Meski begitu, ini adalah permulaan lainnya dimana gue yang sebelumnya hanya sekedar pemakai kini menjadi seorang pengedar. Tentunya hal ini berlangsung ketika gue sudah memutuskan untuk tinggal lebih lama di Yogyakarta.

Ada beberapa alasan yang mendasar kenapa gue berani melakukan hal ini. Pertama, Ganja (cannabies) sangat jarang untuk di temui di kota jogja. Kedua, pemakainya banyak. Ketiga, keuntungannya bisa 2x lipat jika di bandingkan dengan keberadaannya di Bogor. Keempat, jogja bisa dikategorikan tempat yang aman atau safety untuk berbisnis Ganja (jual-beli).  Dan yang terakhir, hal ini harus gue lakukan dengan tujuan bertahan hidup (Survival).

Lalu pertanyaannya darimana gue mendapatkan stoCk Ganja?? Ya tentunya dari Bogor. Dan semua itu gue lakukan seorang diri yaitu: Melakukan perjalanan antar Bogor-Yogya setiap bulannya.
Perlu diketahui ada beberapa jalur aman untuk menghindari pemeriksaan baik polisi ataupun penegak hukum lainnya.
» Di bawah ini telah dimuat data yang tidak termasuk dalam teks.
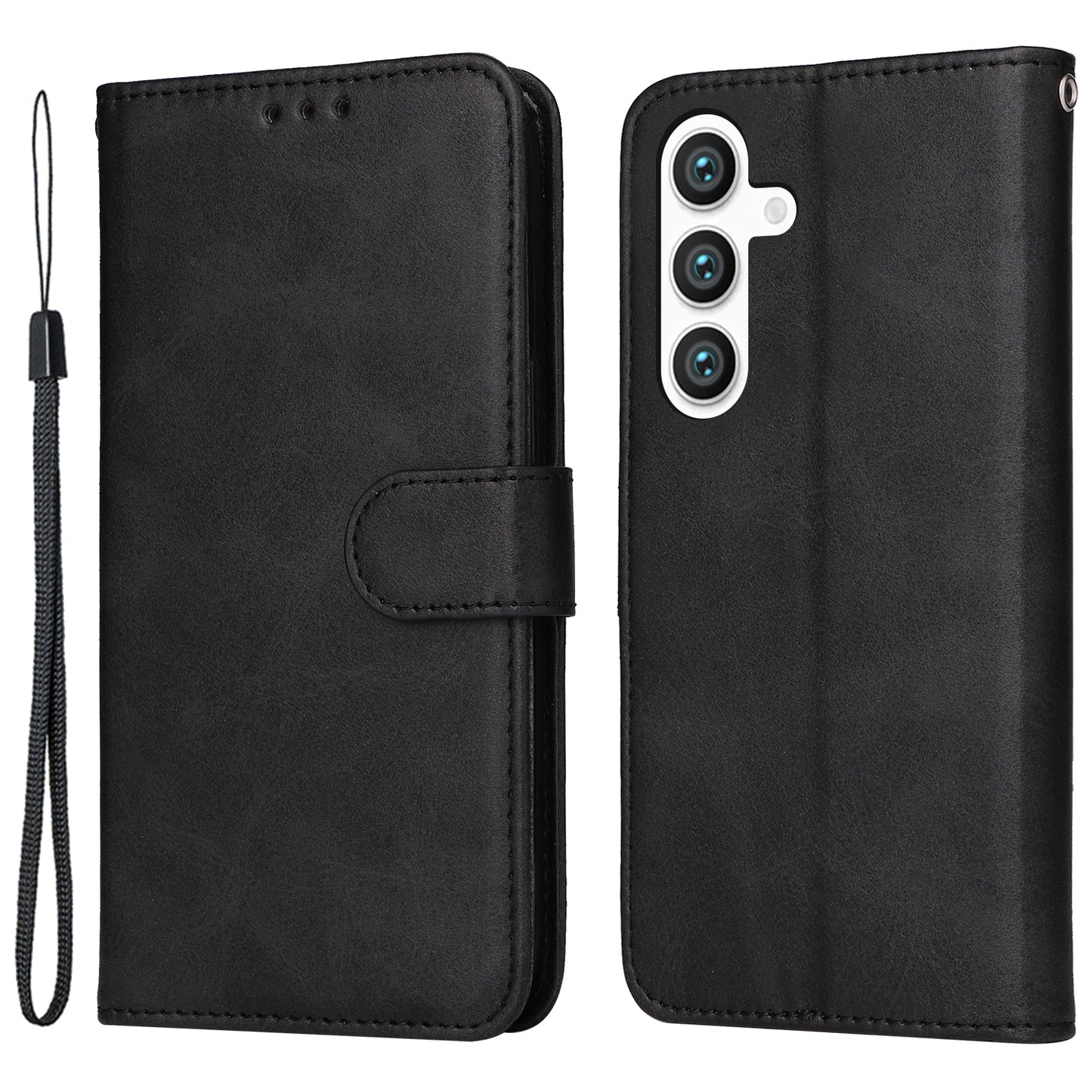 For Samsung Galaxy S24 Case PU Leather Calf Texture Stand Folio Phone Cover - Black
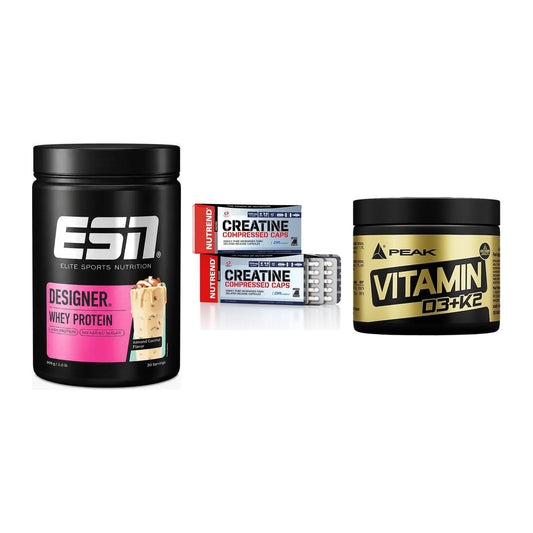 Einsteiger-Set: ESN Designer + Nutrend Creatine + Peak Vitamin – alle enthaltenen Artikel
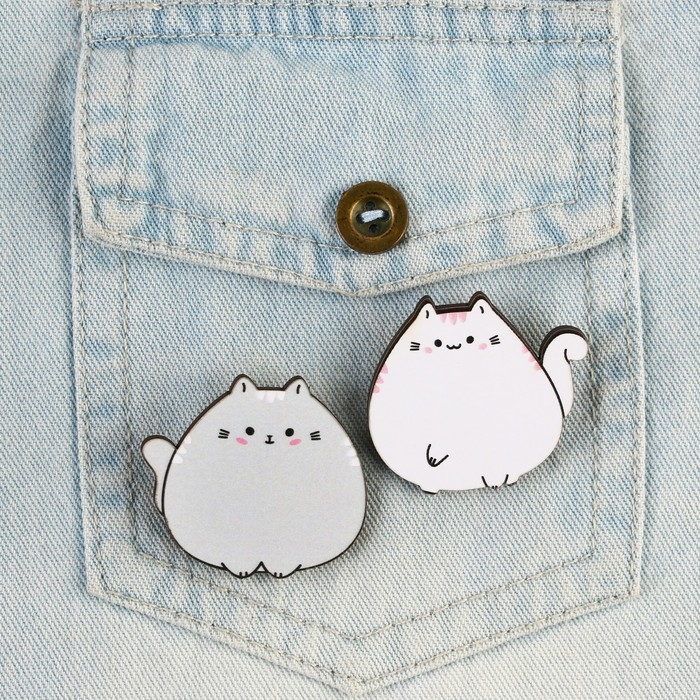 Значки деревянные, неразлучники &laquo;Мир Дружба Жвачка&raquo;, 2 шт., 8 х 12 см.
Tentunya ini diluar jalur penerbangan (Pesawat) ataupun jalur darat (Kereta Api). Meski begitu hal ini tidak pantas untuk di bahas dalam paragraph ini. Okey kita next.

Akhirnya jogja menjadi puncak dimana gue bisa dengan leluasa mengendalikan baik sebagai pemakai maupun sebagai pengedar. Di lain sisi, muncul sebuah gerakan Legalitas Ganja yang cukup menghebohkan media pada saat itu. Tentunya pro kontra pun tak bisa dihindarkan. Dalam waktu yang bersamaan pula, Ganja kemudian dinyatakan sebagai solusi alternative dari sisi medis. Meski belum ada pengakuan secara resmi dari pihak pemerintah, Gerakan Legalisasi Ganja tetap mengobar dan berhasil memberikan edukasi terhadap masyarakan umum, lebih khususnya kepada para pegiat Ganja. Kelompok yang mengatasnamakan Lingkar Ganja Nusantara (LGN) sebenarnya bukan organisasi ataupun gerakan yang baru. Mengingat salah satu senior gue dikampus dulunya pernah terdaftar sebagai anggota aktif dari gerakan ini. Sehingga ketika gerakan ini berhasil menyedot perhatian public baik masyarakat awam maupun dari kalangan elit dari tatanan kepemerintahan gue tetap berdiri di posisi yang berseberangan.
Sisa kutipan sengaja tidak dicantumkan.